In this article, guest author Harry Hopkinson argues that Sputnik actually functioned as something of a ‘military boomerang’ for the USSR – temporarily boosting Soviet prestige but at the expense of galvanising America’s own technological and military development in the longer term and ultimately pushing the Soviets into making technological and military commitments that they would struggle to maintain – while also considering some of the ways in which Sputnik’s influence permeated the Cold War beyond the military and technological spheres after its launch in 1957.
The Bluff of the Century: Sputnik and the Cold War.
By Harry Hopkinson.
Sputnik, the world’s first artificial satellite, was successfully launched on the 4th of October 1957. Serving as a demonstration of Soviet technological advancement, its launch was met with a response of shock, awe and fear which reverberated across both sides of the Iron Curtain. Sputnik spent a total of 3 months orbiting the Earth, emitting a simple signal that was picked up by amateur radio operators around the world. The satellite weighed 184 pounds, and the R-7 rocket that launched Sputnik into orbit was capable of generating 1,120,000 pounds of thrust.
Soviet technology thus appeared to be firmly in the ascendency, with the implication that the Soviet Union was now also capable of launching a long-range nuclear strike. In the political climate of the Cold War, Sputnik proved to be a huge propaganda coup for the Soviet Union. Soviet prestige was bolstered while the United States faced political and national embarrassment due to perceptions of their lack of comparable technology. However, the initial embarrassment that the United States experienced as a result of Sputnik’s success had a galvanising effect on American attitudes towards competition with the USSR, the exploitation of Space and the development of nuclear weapons. As a result, while Sputnik is traditionally perceived as being an off-shoot or catalyst for the Cold War arms race, as well as kick-starting the Space Race, the satellite also left a much wider legacy. The Sputnik launch and the response of the United States set the tone for the remaining years of the Cold War, and many aspects of Sputnik’s wider legacy continue to reverberate to this day.
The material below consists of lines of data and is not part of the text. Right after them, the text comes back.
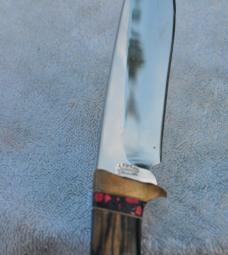 R.W. Wilson Fixed Blade 9.5" OAL Bocote Wood Nutted Tang Fancy Copper Guard Mint Tomahawk Tang Stamp
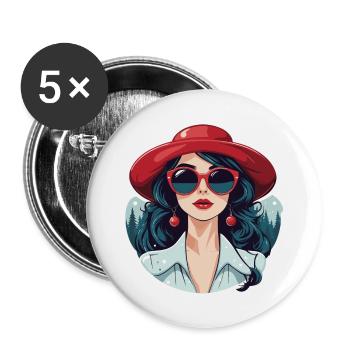 Girl Christmas Illustration - Buttons large 2.2''/56 mm (5-pack) - white - Front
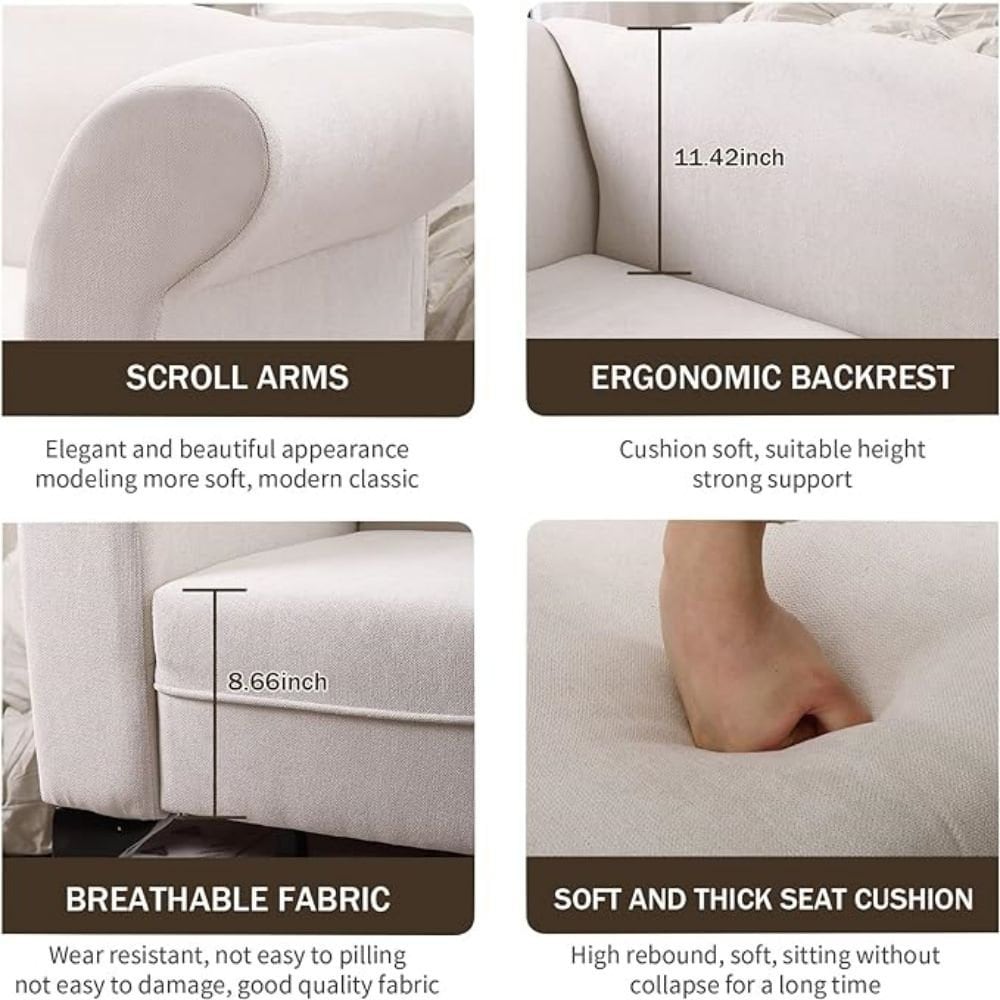 HOMYKA 53" Upholstered Small Loveseat Sofa with Rolled Arms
VIDEO: ‘Sputnik beeps overhead: Americans in awe’
Sputnik: The Soviet Bluff
Following the Second World War, the creation of advanced technological weaponry in the form of an Inter-Continental Ballistic Missile (ICBM) that was powerful enough to launch a nuclear warhead thousands of miles was a key aim shared by both the USA and the USSR. Sputnik’s launch seemingly demonstrated to the world that the Soviet Union had attained this goal, and was capable of threatening the USAwith nuclear ICBMs. This short animated video, shown on an American News programme, provided a simple demonstration of the science behind the Sputnik launch:
The reality of the situation however, was that the powerful R-7 rocket that lofted Sputnik into orbit possessed many problems that made it unsuitable as an ICBM. The key problem was that the heat shield that would protect the warhead from the heat of atmospheric re-entry had not been sufficiently developed. This meant that the R-7 could not function as a nuclear weapon. Khrushchev himself later acknowledged that the R-7 was a ‘symbolic threat’ and that it was ‘reliable neither as an offensive or defensive weapon’ (Quoted by Matthew Brzezinski, Red Moon: Sputnik and the Rivalries that United the Space Age, Bloomsbury: 2007). Though the rocket would continue to prove an excellent motor for Space exploration (and would also be used to propel Yuri Gagarin into orbit during the first manned space flight in April 1961), as a weapon it was clearly not capable of threatening the United States when Sputnik was launched in 1957, while in contrast, the United States had assembled a large bomber fleet that was capable of striking at the Soviet Union from bases within Europe and America.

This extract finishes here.